Taking Control of Your Workspace

Let’s face it, your productive work life is finite. You will only be able to work for so many years at such and such a pace, and then one day that will end. When it comes to getting things done, taking control of your immediate environment works wonders. Coordinating the arrangement of the physical as well as psychic spaces in your career in an anticipatory, supportive manner helps propel you into getting things done. A few terms and concepts are worth introducing here. Practically speaking, much of getting things done comes down to how well you’re able to retrieve what you need, and much of that adds up to a single concept: filing.

Filing is a non-glamorous tool for getting and staying organized. Filing involves allocating information and materials into their best home, for now. What do you need to be a good filer? Clear objectives and the space to put a chair in front of a filing cabinet. If you fear that filing means you’re becoming a caretaker, remind yourself you are taking care of items or information that you deem to be important. If it isn’t important, don’t save it. If it is important, file it with gusto.

Conditioning your environment is a crucial step in organizing and filing effectively. This means that you arrange, stock, and maintain such spaces in a manner that supports your efforts. Organizing a desk drawer initially takes time and may be slow going. Thereafter, finding what you want in the desk drawer is simpler and faster. If you avoid organizing the drawer all together, always have things strewn about, and go on a “hunt” each time you need to find something, in little ways, you’re hampering your productivity potential rather than devising a system that will support you every time.

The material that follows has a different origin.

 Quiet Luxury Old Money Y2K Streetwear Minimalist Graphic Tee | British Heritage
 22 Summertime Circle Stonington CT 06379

Managing the beforehand, as opposed to the aftermath, involves creating space—mentally or physically—in advance of what comes next.

Managing the Beforehand

With vacant space, you have now created a clearing for the things that you’ll be receiving. These include new policy memos, articles you want to save, meeting notes, and course information that you want to review at a later date. The items may be different for each person. The important point in an over-information society is to take control in advance—manage the beforehand—as opposed to dealing with the aftermath of too much information.

Managing the beforehand is a term coined by Jeff Davidson which means to prepare for something in advance of a need, such as to prepare your files in anticipation of new items that are coming. Rather than having files and cabinets filled to their brims with information, strip them of all excess materials so that you have some vacant space.

Once you develop the habit of clearing space in all the compartments of your life: your desk, your car, your closets, etc., you accomplish many things: you demonstrate to yourself that you do have enough space to manage your career and conduct your affairs, and you keep in a ready state to handle what is next rather than trying to figure out where to store things or how to create ad hoc piles.

Conditioning Your Office

Conditioning your work environment, coordinating the arrangement of physical spaces in your career in an anticipatory, supportive manner, works well on many levels. You can apply the principles to your entire office. Whether yours is a corporate or home office, you can discover how to gain greater balance. Obviously, you will have more leeway if you are self-employed, or the “boss,” but the principles work pretty much the same.

If you need them, room dividers and sound barriers are available in a wide variety of shapes and sizes and can improve upon any existing sound barriers. The gentle, rhythmic “white noise” of a small fan’s motor serves as a sound buffer to many of the sounds that may distract you. Maybe you want a couch for quick cat naps during the day. The quality and ambience of your work space works best when it demonstrates the quality and ambience of your life or how you would like your life to be.

Your other environments, including your car, briefcase, and remote work station each have a pronounced impact on how you get things done. To ensure that your home environment enhances your sense of balance, don’t allow ad hoc outposts to build up: take the trip receipts out of the folder right after the trip. Adopt supportive docking and unloading techniques. Always bring important paper items, such as mail, office work, tax receipts, warranties, and other purchased items to their final destinations– that is, bring them to your administrative outpost for processing and integration into your organization system.

The more you are able to keep flat surfaces clear—your desk, tables, shelves—the greater your ability to manage the flow of items in your career, deal with them capably, and move forward. You experience a sense of balance.

For example, the London subway system was experiencing a growing problem of unwanted vandals and thieves in their tunnels. So a plan was devised to play classical music and opera, such as Vivaldi, Mozart, and Pavarotti in the effort to make unwelcome visitors uncomfortable with the subway environment.

Studies have shown that this type of music is unfamiliar and unacceptable to the thugs who hang out in the subway. Making them miserable with music they don’t enjoy will drive them away. By making the subway tunnels and stations a caustic environment to the nature of thieves and vandals, the vandalism and thievery was greatly decreased.